On 10/6/23 08:17, Manolis Tsamis wrote:
SNIP
So I was ready to ACK, but realized there weren't any testresults for a
primary platform mentioned. So I ran this on x86.
It's triggering one regression (code quality).
Specifically gcc.target/i386/pr52146.c
The f-m-o code is slightly worse than without f-m-o.
Without f-m-o we get this:
9 0000 B88000E0 movl $-18874240, %eax
9 FE
10 0005 67C70000 movl $0, (%eax)
10 000000
11 000c C3 ret
With f-m-o we get this:
9 0000 B8000000 movl $0, %eax
9 00
10 0005 67C78080 movl $0, -18874240(%eax)
10 00E0FE00
10 000000
11 0010 C3 ret
The key being that we don't get rid of the original move instruction,
nor does the original move instruction get smaller due to simplification
of its constant. Additionally, the memory store gets larger. The net
is a 4 byte increase in code size.
Yes, this case is not good for f-m-o. In theory there could be a cost
calculation step that tries to estimate the benefit of a
transformation, but given that f-m-o cannot transform code in a way
that we have big regressions it's unclear to me whether complicating
the code is worth it. At least if we can solve the issues in other
ways (also see discussion below).
This is probably a fairly rare scenario and the original bug report was
for a correctness issue in using addresses in the range
0x80000000..0xffffffff in x32. So I wouldn't lose any sleep if we
adjusted the test to pass -fno-fold-mem-offsets. But before doing that
I wanted to give you the chance to ponder if this is something you'd
prefer to improve in f-m-o itself. At some level if the base register
collapses down to 0, then we could take the offset as a constant address
and try to recognize that form. If that fails, then just consider the
change unprofitable rather than trying to recognize it as reg+d.
Anyway, waiting to hear your thoughts...
Yes, this testcase has been bugging me too, I have brought that up in
previous iterations as well.
I must have missed that in the earlier discussion.
I'm also not sure whether this is a code quality or a correctness
issue? From what I understand from the relevant ticket, if we emit
movl $0, -18874240 then it's wrong code?
It's a code quality issue as long as we don't transform the code into
movl $0, -18874240, at which point it would become a correctness issue.
With regards to the "recognize that the base register is 0", that
would be nice but how would we recognise that? f-m-o can only
calculate the folded offset but that is not enough to prove that the
base register is zero or not.
It's a chain of insns that produce an address and use it in the memory
reference. We essentially changed the first insn in the chain from movl
-18874240, %eax into movl 0, %eax. So we'd have to someone note that
the base register in the memory reference has the value zero in the
chain of instructions. That may or may not be reasonable to do.

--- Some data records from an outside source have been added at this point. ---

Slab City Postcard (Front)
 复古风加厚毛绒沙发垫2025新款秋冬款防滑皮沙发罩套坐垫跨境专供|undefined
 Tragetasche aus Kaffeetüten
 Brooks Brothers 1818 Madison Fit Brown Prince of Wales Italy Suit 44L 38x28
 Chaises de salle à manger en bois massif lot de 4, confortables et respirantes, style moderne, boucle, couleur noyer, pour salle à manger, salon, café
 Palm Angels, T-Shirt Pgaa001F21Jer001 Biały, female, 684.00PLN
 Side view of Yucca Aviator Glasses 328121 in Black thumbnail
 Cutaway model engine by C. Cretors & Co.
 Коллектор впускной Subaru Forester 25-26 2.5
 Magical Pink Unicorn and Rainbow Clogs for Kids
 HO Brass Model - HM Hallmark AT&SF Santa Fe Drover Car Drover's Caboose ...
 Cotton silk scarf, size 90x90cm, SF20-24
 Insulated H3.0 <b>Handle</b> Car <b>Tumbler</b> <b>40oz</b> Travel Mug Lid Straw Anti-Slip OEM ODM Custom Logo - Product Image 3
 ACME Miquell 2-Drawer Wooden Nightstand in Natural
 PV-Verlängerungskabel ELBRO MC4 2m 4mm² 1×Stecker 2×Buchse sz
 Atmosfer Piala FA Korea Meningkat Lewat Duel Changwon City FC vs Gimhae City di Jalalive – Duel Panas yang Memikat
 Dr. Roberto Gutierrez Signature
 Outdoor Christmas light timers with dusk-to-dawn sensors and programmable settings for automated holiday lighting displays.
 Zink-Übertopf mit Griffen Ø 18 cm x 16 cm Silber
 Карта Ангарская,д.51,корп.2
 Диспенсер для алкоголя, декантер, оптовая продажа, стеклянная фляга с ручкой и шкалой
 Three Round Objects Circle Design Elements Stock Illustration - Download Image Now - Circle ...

One thought that I've had is that this started being an issue on x86
when I enabled folding of mv REG, INT in addition to the existing ADD
REG, REG, INT. The idea was that a move will be folded to mv REG, 0
and on targets that we have a zero register that can be beneficial for
a number of reasons... but on x86 we don't have a zero register so the
benefit is much more limited anyway. So maybe we could disable folding
of moves on targets that don't have a zero register? That would solve
the issue and I believe it also makes sense in general. If so, is
there a way to query wether the target has such register?
We don't have a generalized query to do that. You might be able to ask
what the cost to load 0 into a register is, but many targets
artificially decrease that value.
You could use the costing model to cost the entire sequence
before/after. There's an interface to walk a sequence and return a
cost. In the case of f-m-o the insns are part of the larger chain, so
we'd need a different API.
The other option would be to declare this is known, but not important
issue. I would think that it's going to be rare to have absolute
addresses and x32 isn't really used much. The combination of the two
should be exceedingly rare. Hence my willingness to use
-fno-fold-mem-offsets in the test.
Jeff